(Reuters) - Law enforcement officers in Uvalde, Texas, waited over an hour to storm into the two elementary school classrooms where a gunman was holed up, even though on-scene supervisors knew that some victims were trapped alive inside, The New York Times reported on Thursday.
(Reuters) – Law enforcement officers in Uvalde, Texas, waited over an hour to storm into the two elementary school classrooms where a gunman was holed up, even though on-scene supervisors knew that some victims were trapped alive inside, The New York Times reported on Thursday.
Citing its review of video footage and other material gathered by investigators, the Times said more than a dozen of the 33 children and three teachers who were originally in the two adjoining classrooms remained alive from the time gunfire began inside to when officers entered and killed the suspect one hour and 17 minutes later.
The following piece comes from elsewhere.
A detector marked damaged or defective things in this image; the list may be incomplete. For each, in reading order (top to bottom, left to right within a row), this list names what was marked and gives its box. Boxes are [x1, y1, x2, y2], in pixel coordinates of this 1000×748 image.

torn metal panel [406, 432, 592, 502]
The school district police chief leading the response appeared from videos and other documentation to have agonized over how long it was taking to obtain protective gear to use when officers charged in, and to find a key to the classroom doors, the Times said.
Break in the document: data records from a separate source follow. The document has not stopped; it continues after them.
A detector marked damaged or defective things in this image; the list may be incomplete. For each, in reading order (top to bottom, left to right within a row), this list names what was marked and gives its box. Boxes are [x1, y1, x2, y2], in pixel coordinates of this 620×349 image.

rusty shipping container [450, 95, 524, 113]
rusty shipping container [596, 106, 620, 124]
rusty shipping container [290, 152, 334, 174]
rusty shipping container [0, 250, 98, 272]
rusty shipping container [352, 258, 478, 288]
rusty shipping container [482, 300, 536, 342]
“People are going to ask why we’re taking so long,” a man who investigators believe to be Pete Arredondo, chief of the Uvalde Consolidated Independent School District’s police force, could be heard saying during the siege, according to a transcript of police body-camera footage. “We’re trying to preserve the rest of the life.”
The May 24 attack at Robb Elementary School in Uvalde, a small town in Texas Hill Country about 80 miles west of San Antonio, killed 19 students and two teachers, ranking as the deadliest U.S. school shooting in almost a decade.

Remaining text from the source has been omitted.